What is required: Repeat the records below exactly as they appear, leaving out any pictures.

_ _ _ _

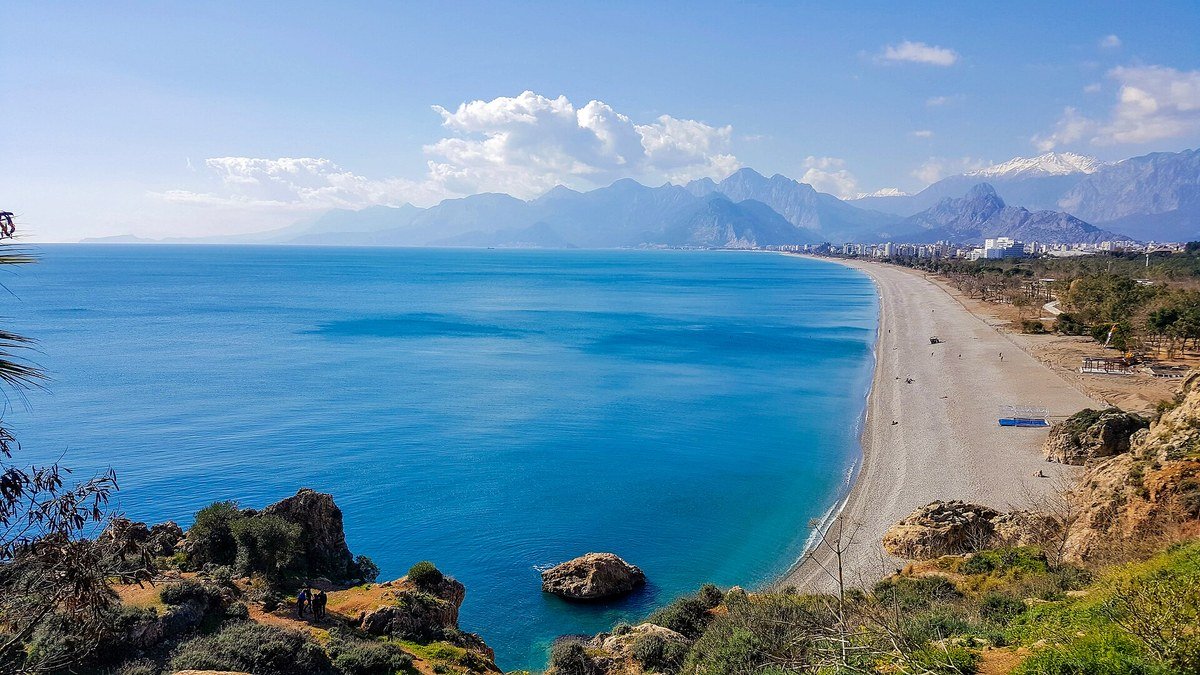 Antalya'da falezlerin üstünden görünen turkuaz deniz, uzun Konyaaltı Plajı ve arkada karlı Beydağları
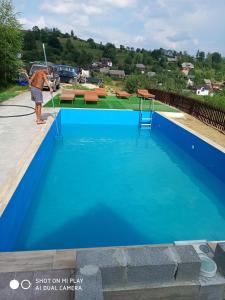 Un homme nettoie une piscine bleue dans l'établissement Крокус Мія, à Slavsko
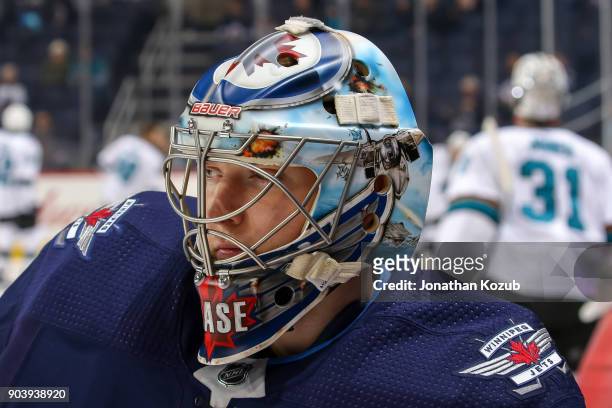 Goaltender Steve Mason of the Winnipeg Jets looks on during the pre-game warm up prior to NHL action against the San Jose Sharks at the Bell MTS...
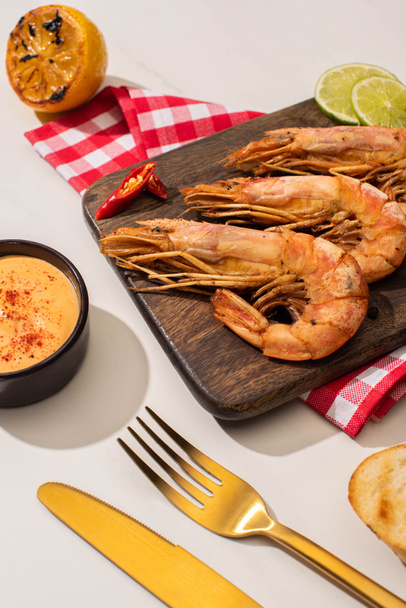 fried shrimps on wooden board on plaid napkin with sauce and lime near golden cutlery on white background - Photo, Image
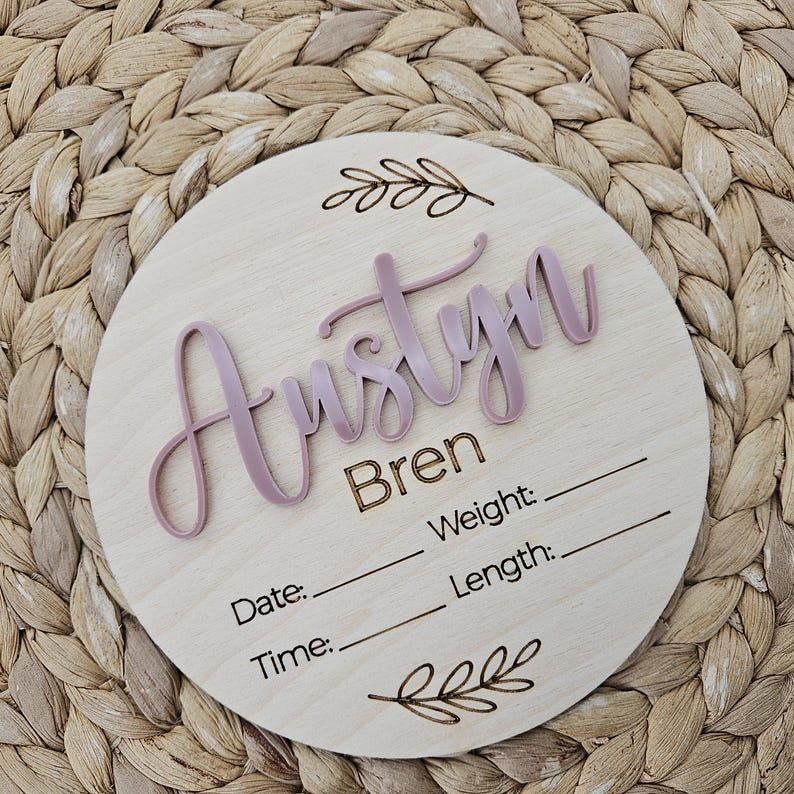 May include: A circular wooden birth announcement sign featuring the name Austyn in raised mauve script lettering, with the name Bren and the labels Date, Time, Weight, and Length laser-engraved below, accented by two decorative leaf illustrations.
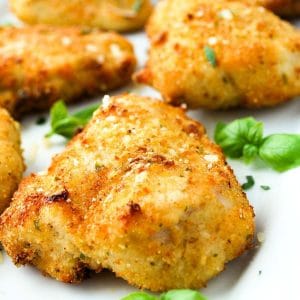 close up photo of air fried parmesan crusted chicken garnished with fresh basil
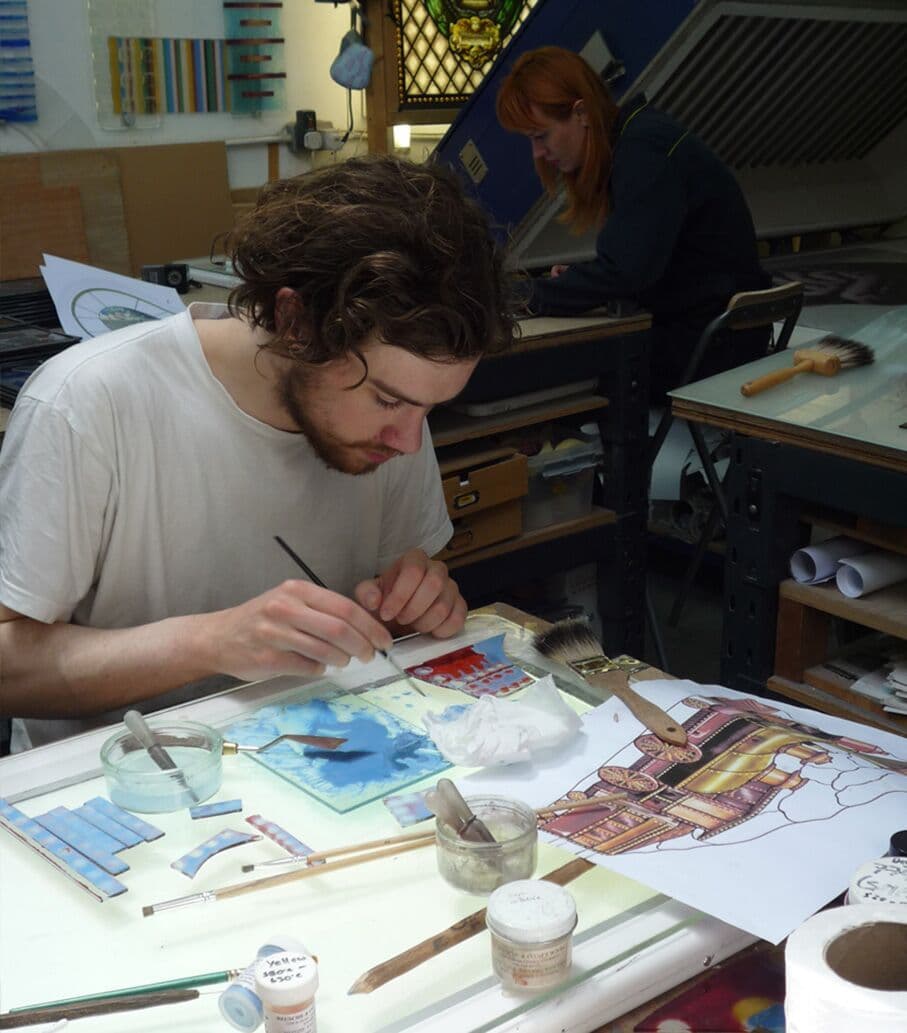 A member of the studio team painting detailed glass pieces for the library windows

_ _ _ _

Reply:
 Antalya'da falezlerin üstünden görünen turkuaz deniz, uzun Konyaaltı Plajı ve arkada karlı Beydağları
 Un homme nettoie une piscine bleue dans l'établissement Крокус Мія, à Slavsko
 Goaltender Steve Mason of the Winnipeg Jets looks on during the pre-game warm up prior to NHL action against the San Jose Sharks at the Bell MTS...
 fried shrimps on wooden board on plaid napkin with sauce and lime near golden cutlery on white background - Photo, Image
 May include: A circular wooden birth announcement sign featuring the name Austyn in raised mauve script lettering, with the name Bren and the labels Date, Time, Weight, and Length laser-engraved below, accented by two decorative leaf illustrations.
 close up photo of air fried parmesan crusted chicken garnished with fresh basil
 A member of the studio team painting detailed glass pieces for the library windows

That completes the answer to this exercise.